An open letter to Rauner was issued Thursday through an initiative called Better Funding for Better Schools, and Batiste was joined locally by North Chicago Supt. Ben Martingale in signing the letter.
Greg Hinz: Emanuel wimps out again in clash with Madigan over CPS aid
With just 10 days to go before state lawmakers are scheduled to head home for the summer, Mayor Rahm Emanuel and his Chicago Public Schools team have been ramping up their PR blitz to get more money out of Springfield for the near-bankrupt school district.
Just in the last week, principals were directed to prepare for budget cuts of up to 30 percent, a step that would kneecap even the best schools. And CPS CEO Forrest Claypool held a rally zapping Gov. Bruce Rauner and signed a letter charging that the governor “is proposing an approach that would continue the broken status quo.”
But Claypool and Emanuel have been far more taciturn on a related plan: a bill already approved by the Illinois Senate that would give CPS a desperately needed $375 million boost next year. In fact, they haven’t said a word, even though House Speaker Mike Madigan could allow the bill to come up for a vote any time.
CNN: Pensions may be cut to 'virtually nothing' for 407,000 people
The Central States Pension Fund has no new plan to avoid insolvency, fund director Thomas Nyhan said this week. Without government funding, the fund will run out of money in 10 years, he said.
At that time, pension benefits for about 407,000 people could be reduced to “virtually nothing,” he told workers and retirees in a letter sent Friday.
In a last-ditch effort, the Central States Pension Plan sought government approval to partially reduce the pensions of 115,000 retirees and the future benefits for 155,000 current workers. The proposed cuts were steep, as much as 60% for some, but it wasn’t enough. Earlier this month,the Treasury Department rejected the plan because it found that it would not actually head off insolvency.
KWQC: Construction underway in Illinois on $3.8B oil pipeline
Construction is underway in three of four states on a $3.8 billion pipeline that will carry oil from western North Dakota to Illinois.

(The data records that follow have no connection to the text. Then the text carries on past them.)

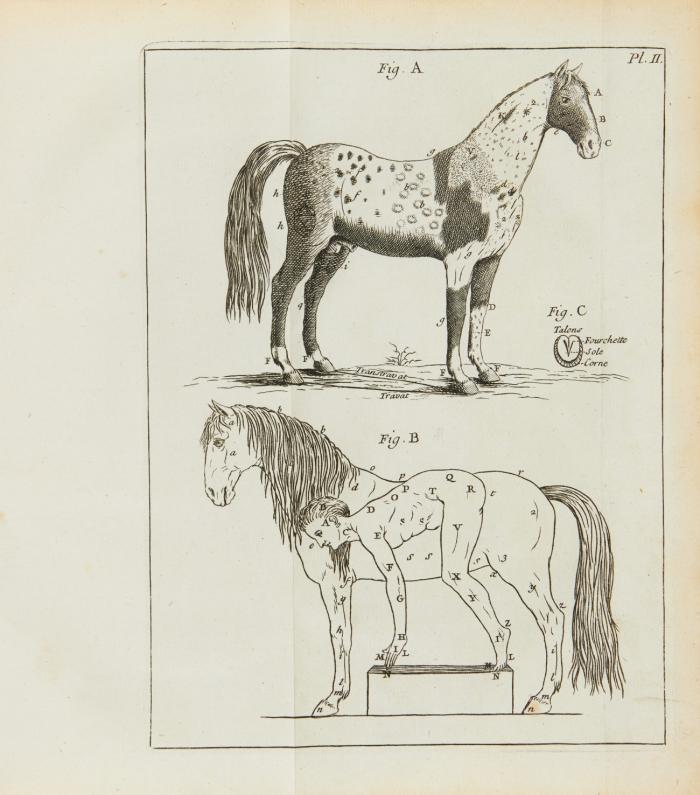 Le nouveau parfait Maréchal, ou la connoissance générale et universelle du cheval. 4. Ausg.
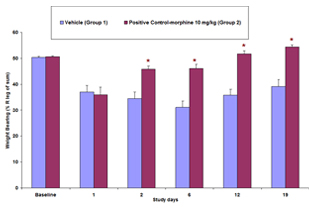 MIA-induced osteoarthritis, weight bearing, inflammatory pain, neuropathic pain, preclinical CRO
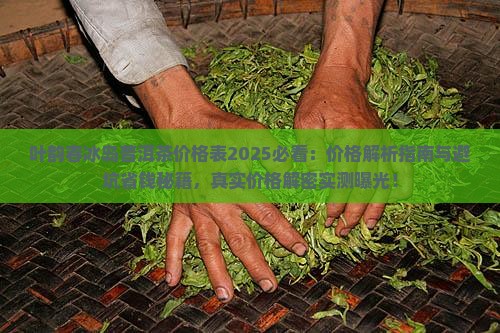 叶韵春冰岛普洱茶价格表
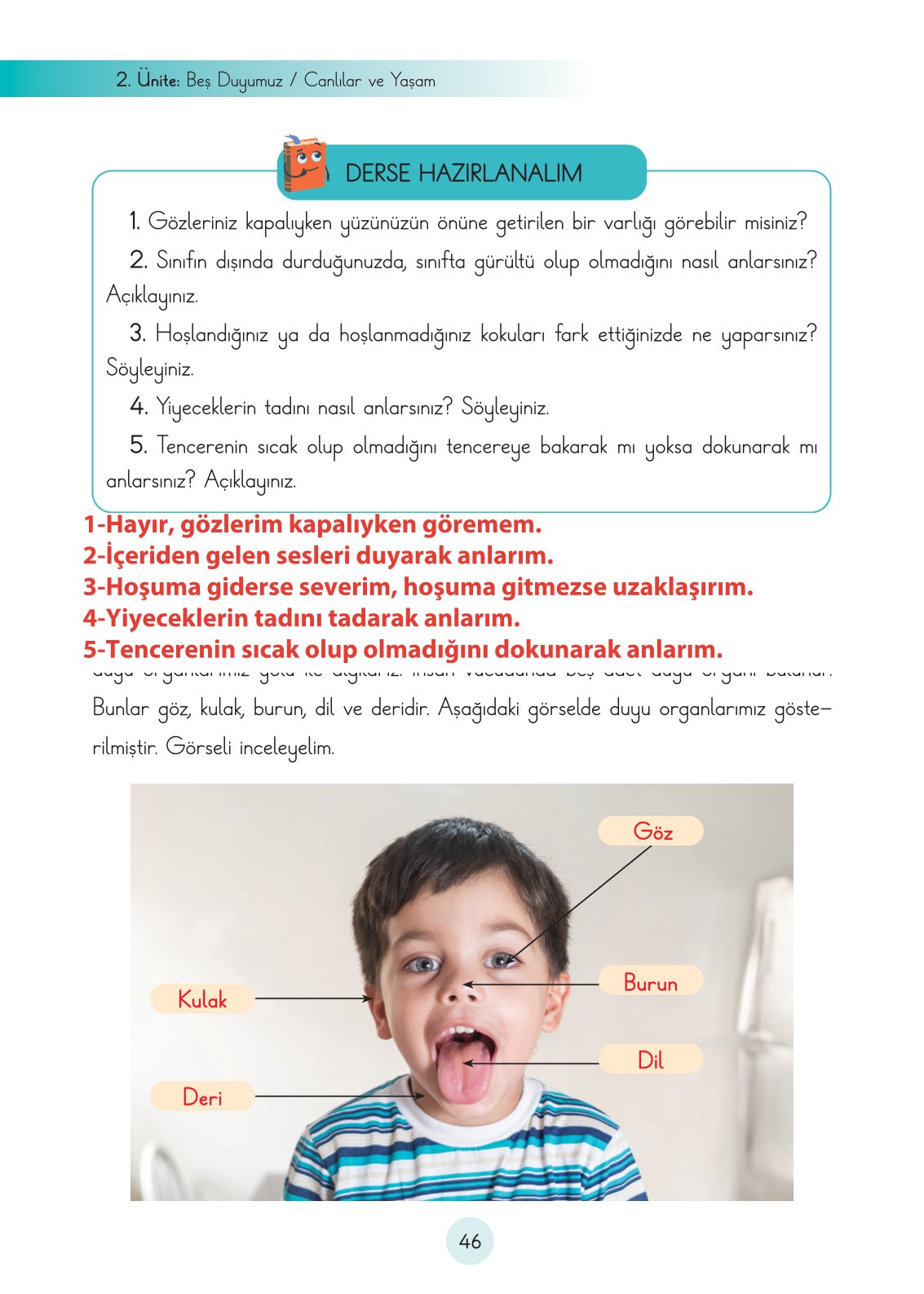 3. Sınıf Fen Bilimleri Ders Kitabı Cem Yayınları Sayfa 46 Cevapları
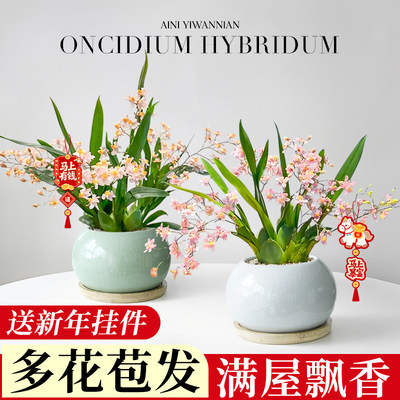 【满屋飘香】文心兰盆栽带花苞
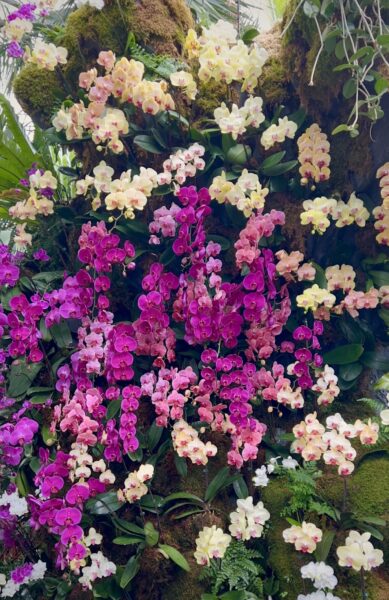 Sunday Morning Garden Chat:  Orchid Show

Work on the Dakota Access Pipeline has begun in North Dakota, South Dakota and Illinois, spokeswoman Lisa Dillinger told the American News (http://bit.ly/1WGgmwu). The 1,150-mile pipeline also will cross Iowa, but regulators there declined this week to act quickly on a request to allow Texas-based Energy Transfer Partners to begin construction in that state.
The pipeline will carry nearly half a million barrels of crude from western North Dakota’s Bakken oil fields each day to a tank storage facility in southern Illinois. It’s been approved by regulators in all four states. The U.S. Army Corps of Engineers still must issue permits for the pipeline to cross the Missouri and Mississippi Rivers.
Northwest Herald: Bill would exclude future county board members from IMRF pensions
A friendly amendment to a bill by state Sen. Pam Althoff to set new guidelines for how local elected officials participate in the Illinois Municipal Retirement Fund would forbid future county board members from participating at all.
Senate Bill 2701, which cleared the Senate, requires local elected officials participating in IMRF to keep records of their hours worked to ensure they are meeting the annual requirement of either 600 or 1,000 hours a year. But an amendment filed in the House by state Rep. Jack Franks, who helped instigate an ongoing IMRF investigation of the McHenry County Board’s work hours, would abolish IMRF pension eligibility altogether for members of county boards elected after this year.
Althoff, R-McHenry, said that Franks, D-Marengo, called her beforehand, and that she is OK with the change because a number of county boards in the wake of the IMRF audit are examining whether to end pension participation on their own.